Activity - Whatever appears in the records should be given again exactly, down to the last mark.

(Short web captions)
____
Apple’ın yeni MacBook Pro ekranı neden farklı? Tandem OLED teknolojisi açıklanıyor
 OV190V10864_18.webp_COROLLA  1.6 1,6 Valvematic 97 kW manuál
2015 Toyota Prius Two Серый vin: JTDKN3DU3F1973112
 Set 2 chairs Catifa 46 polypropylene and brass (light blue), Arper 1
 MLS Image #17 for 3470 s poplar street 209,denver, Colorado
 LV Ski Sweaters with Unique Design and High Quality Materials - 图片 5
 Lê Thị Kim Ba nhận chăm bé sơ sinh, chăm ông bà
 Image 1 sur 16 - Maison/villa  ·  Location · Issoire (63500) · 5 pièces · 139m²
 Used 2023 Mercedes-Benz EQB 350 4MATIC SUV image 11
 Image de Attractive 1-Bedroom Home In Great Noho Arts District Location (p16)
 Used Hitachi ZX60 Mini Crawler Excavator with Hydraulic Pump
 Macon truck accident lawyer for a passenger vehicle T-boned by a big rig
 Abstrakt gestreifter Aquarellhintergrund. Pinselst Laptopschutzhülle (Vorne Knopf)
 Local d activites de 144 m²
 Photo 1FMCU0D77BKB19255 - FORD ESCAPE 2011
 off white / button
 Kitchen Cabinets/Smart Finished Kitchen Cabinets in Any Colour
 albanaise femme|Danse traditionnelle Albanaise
____
Result of the task -
Apple’ın yeni MacBook Pro ekranı neden farklı? Tandem OLED teknolojisi açıklanıyor
 OV190V10864_18.webp_COROLLA  1.6 1,6 Valvematic 97 kW manuál
2015 Toyota Prius Two Серый vin: JTDKN3DU3F1973112
 Set 2 chairs Catifa 46 polypropylene and brass (light blue), Arper 1
 MLS Image #17 for 3470 s poplar street 209,denver, Colorado
 LV Ski Sweaters with Unique Design and High Quality Materials - 图片 5
 Lê Thị Kim Ba nhận chăm bé sơ sinh, chăm ông bà
 Image 1 sur 16 - Maison/villa  ·  Location · Issoire (63500) · 5 pièces · 139m²
 Used 2023 Mercedes-Benz EQB 350 4MATIC SUV image 11
 Image de Attractive 1-Bedroom Home In Great Noho Arts District Location (p16)
 Used Hitachi ZX60 Mini Crawler Excavator with Hydraulic Pump
 Macon truck accident lawyer for a passenger vehicle T-boned by a big rig
 Abstrakt gestreifter Aquarellhintergrund. Pinselst Laptopschutzhülle (Vorne Knopf)
 Local d activites de 144 m²
 Photo 1FMCU0D77BKB19255 - FORD ESCAPE 2011
 off white / button
 Kitchen Cabinets/Smart Finished Kitchen Cabinets in Any Colour
 albanaise femme|Danse traditionnelle Albanaise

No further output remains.